|The Royal Enfield Interceptor was advertised as "A real pleasure to ride."|
Not me. Am I crazy?
Who wouldn't love to enjoy the fabled power of the Interceptor, the open road ahead and the envious stares of fellow bikers?
Besides, as a pilot once told me, "the best plane to fly is somebody else's airplane." Let somebody else pick up the cost of gas and the liability for a mistake.
Well, here is the reason I won't do that: I love looking at motorcycles, especially the lovely (or at least very interesting looking) British motorcycles of the past.
But you can't see the motorcycle you're riding.

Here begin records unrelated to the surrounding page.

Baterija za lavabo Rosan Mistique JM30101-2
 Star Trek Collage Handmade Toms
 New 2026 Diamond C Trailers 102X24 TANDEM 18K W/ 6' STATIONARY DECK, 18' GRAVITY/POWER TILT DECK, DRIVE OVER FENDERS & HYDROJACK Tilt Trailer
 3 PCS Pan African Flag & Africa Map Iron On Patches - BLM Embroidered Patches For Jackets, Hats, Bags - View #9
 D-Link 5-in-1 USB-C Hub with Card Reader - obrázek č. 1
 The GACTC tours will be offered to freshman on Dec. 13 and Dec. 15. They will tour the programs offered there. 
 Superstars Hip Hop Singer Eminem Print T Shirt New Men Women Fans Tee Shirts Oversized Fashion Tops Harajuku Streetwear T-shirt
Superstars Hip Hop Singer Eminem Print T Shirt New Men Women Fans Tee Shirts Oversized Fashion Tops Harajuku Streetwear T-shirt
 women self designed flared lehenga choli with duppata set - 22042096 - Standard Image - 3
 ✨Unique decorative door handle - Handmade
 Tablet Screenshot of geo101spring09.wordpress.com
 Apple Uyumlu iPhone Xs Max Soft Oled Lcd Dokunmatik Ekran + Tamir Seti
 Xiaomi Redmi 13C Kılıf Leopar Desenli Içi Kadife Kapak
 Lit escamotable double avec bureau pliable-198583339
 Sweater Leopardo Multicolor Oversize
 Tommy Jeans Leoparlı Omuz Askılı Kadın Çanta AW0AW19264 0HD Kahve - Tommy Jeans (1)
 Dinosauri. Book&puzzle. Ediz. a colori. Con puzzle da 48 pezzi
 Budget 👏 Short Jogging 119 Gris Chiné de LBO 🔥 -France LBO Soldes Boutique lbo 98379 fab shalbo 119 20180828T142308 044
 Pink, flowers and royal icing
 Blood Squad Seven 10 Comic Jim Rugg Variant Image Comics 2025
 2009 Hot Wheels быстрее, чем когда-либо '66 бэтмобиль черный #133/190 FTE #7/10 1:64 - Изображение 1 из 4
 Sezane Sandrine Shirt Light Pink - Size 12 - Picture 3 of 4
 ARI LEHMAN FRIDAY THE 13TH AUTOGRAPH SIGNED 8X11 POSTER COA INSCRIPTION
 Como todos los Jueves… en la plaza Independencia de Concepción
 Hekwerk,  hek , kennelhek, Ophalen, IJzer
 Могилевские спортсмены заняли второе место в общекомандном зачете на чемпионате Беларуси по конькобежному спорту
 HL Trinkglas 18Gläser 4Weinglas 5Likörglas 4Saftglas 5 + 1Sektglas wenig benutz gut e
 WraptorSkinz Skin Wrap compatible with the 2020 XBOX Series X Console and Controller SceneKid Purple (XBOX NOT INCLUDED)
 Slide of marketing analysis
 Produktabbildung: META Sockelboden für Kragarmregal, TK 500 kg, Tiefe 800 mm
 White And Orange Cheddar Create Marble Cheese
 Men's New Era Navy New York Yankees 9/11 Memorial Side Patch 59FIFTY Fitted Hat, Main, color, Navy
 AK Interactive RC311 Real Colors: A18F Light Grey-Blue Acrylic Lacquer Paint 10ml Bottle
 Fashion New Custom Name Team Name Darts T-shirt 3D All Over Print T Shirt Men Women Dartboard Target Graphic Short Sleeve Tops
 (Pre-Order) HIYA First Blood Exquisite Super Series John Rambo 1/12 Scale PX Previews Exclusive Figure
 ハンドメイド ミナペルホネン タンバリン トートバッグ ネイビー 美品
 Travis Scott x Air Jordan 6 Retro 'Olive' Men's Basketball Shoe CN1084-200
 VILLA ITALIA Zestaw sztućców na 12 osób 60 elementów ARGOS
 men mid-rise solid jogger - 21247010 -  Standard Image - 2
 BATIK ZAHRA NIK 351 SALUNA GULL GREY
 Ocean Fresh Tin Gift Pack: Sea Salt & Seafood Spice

My pal, screenwriter and wit Douglas Kalajian, did a stint selling cars, including used cars. He still speaks rapturously of a product called Star brite, an automobile polish that produces an easy, fast shine.
"You do the hood first, because that's the part the driver sees (during a test drive)," he explained.
A motorcycle has no hood. Past the charming binnacle of my Royal Enfield Bullet there is nothing to see but scenery.
In contrast, at a motorcycle show I'm free to feast my eyes upon each lovely machine and even take pictures. Unlike motorcars, motorcycles put most of their workings on open display, to be enjoyed.
I love trying to sort out the solutions their makers evolved. One modest example: I'm always curious what more practical solutions nearly every maker had for adjusting the chain, compared to my Bullet's whimsical clam shell adjusters.
So, call me crazy. Also, call me cautious. The other reason I won't ride your Interceptor is that there is no way I am going to match my modest skills to your immodestly powerful motorcycle. If I can't ride it the way it was intended then what's the sense in puttering about?